What happens if we cannot just run Perl code from the spawned process? We may have a compiled utility, such as a program written in C, or a Perl program that cannot easily be converted into a module and thus called as a function. In this case, we have to use system( ), exec( ), qx( ) or `` (backticks) to start it.

When using any of these methods, and when taint mode is enabled, we must also add the following code to untaint the PATH environment variable and delete a few other insecure environment variables. This information can be found in the perlsec manpage.

$ENV{'PATH'} = '/bin:/usr/bin';
delete @ENV{'IFS', 'CDPATH', 'ENV', 'BASH_ENV'};

Now all we have to do is reuse the code from the previous section.

First we move the core program into the external.pl file, then we add the shebang line so that the program will be executed by Perl, tell the program to run under taint mode (-T), possibly enable warnings mode (-w), and make it executable. These changes are shown in Example 10-20.

Example 10-20. external.pl

#!/usr/bin/perl -Tw

open STDIN, '/dev/null'   or die "Can't read /dev/null: $!";
open STDOUT, '>/dev/null' or die "Can't write to /dev/null: $!";
open STDERR, '>/tmp/log'  or die "Can't write to /tmp/log: $!";

my $oldfh = select STDERR;
local $| = 1;
select $oldfh;
warn "started\n";
# do something time-consuming
sleep 1, warn "$_\n" for 1..20;
warn "completed\n";

Now we replace the code that we moved into the external program with a call to exec( ) to run it, as shown in Example 10-21.

Example 10-21. proper_fork_exec.pl

use strict;
use POSIX 'setsid';
use Apache::SubProcess;

$ENV{'PATH'} = '/bin:/usr/bin';
delete @ENV{'IFS', 'CDPATH', 'ENV', 'BASH_ENV'};

my $r = shift;


defined (my $kid = fork) or die "Cannot fork: $!\n";
if ($kid) {
    print "Parent has finished, kid's PID: $kid\n";
else {
    $r->cleanup_for_exec( ); # untie the socket
    chdir '/'                 or die "Can't chdir to /: $!";
    open STDIN, '/dev/null'   or die "Can't read /dev/null: $!";
    open STDOUT, '>/dev/null' or die "Can't write to /dev/null: $!";
    open STDERR, '>&STDOUT'   or die "Can't dup stdout: $!";
    setsid                    or die "Can't start a new session: $!";

    exec "/home/httpd/perl/external.pl" or die "Cannot execute exec: $!";

Notice that exec( ) never returns unless it fails to start the process. Therefore you shouldn't put any code after exec( )—it will not be executed in the case of success. Use system( ) or backticks instead if you want to continue doing other things in the process. But then you probably will want to terminate the process after the program has finished, so you will have to write:

system "/home/httpd/perl/external.pl"
    or die "Cannot execute system: $!";

Another important nuance is that we have to close all STDstreams in the forked process, even if the called program does that.

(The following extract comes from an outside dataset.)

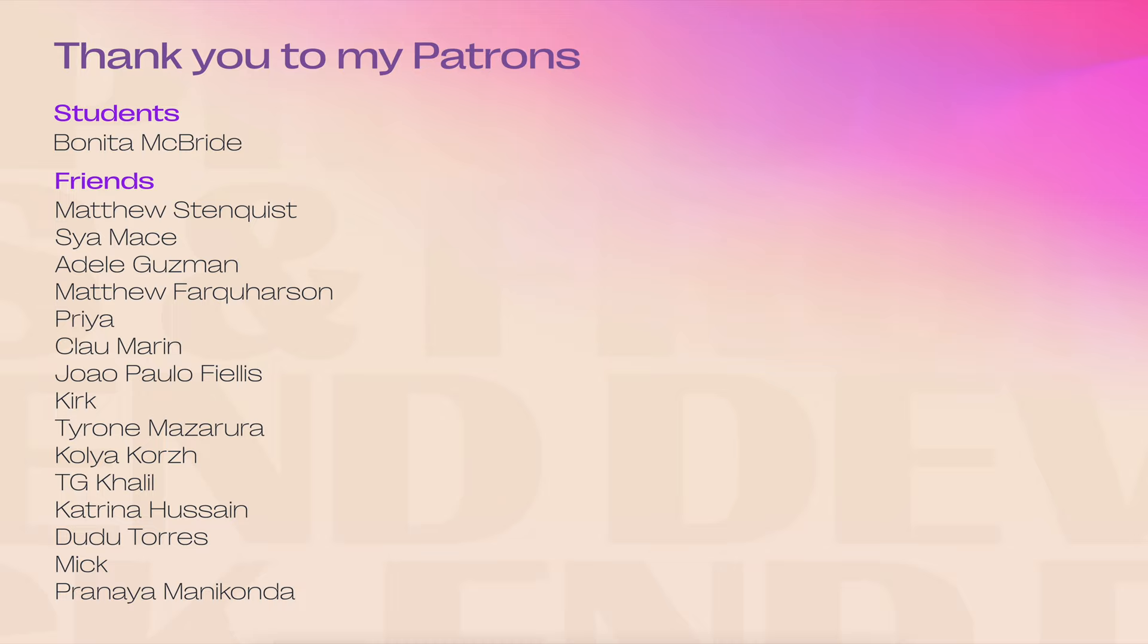And until then, happy developing. See ya. Bye.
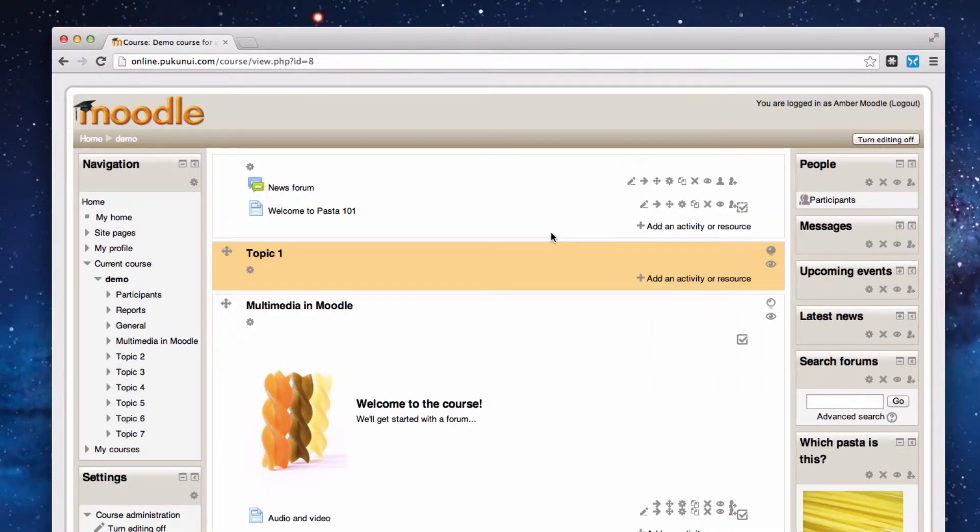Hello folks. Today we're looking at how we can add a book into a Moodle course. Now book became a standard plugin in Moodle in Moodle 2.3, but prior to that it was a third-party plugin. It's a really cool feature and we're going to have a look at it now.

If the external program is written in Perl, you can pass complicated data stuctures to it using one of the methods to serialize and then restore Perl data. The Storable and FreezeThaw modules come in handy. Let's say that we have a program called master.pl (Example 10-22) calling another program called slave.pl (Example 10-23).

Example 10-22. master.pl

# we are within the mod_perl code
use Storable ( );
my @params = (foo => 1, bar => 2);
my $params = Storable::freeze(\@params);
exec "./slave.pl", $params or die "Cannot execute exec: $!";

Example 10-23. slave.pl

#!/usr/bin/perl -w
use Storable ( );
my @params = @ARGV ? @{ Storable::thaw(shift)||[  ] } : ( );
# do something

As you can see, master.pl serializes the @params data structure with Storable::freeze and passes it to slave.pl as a single \argument. slave.pl recovers it with Storable::thaw, by shifting the first value of the @ARGV array (if available). The FreezeThaw module does a very similar thing.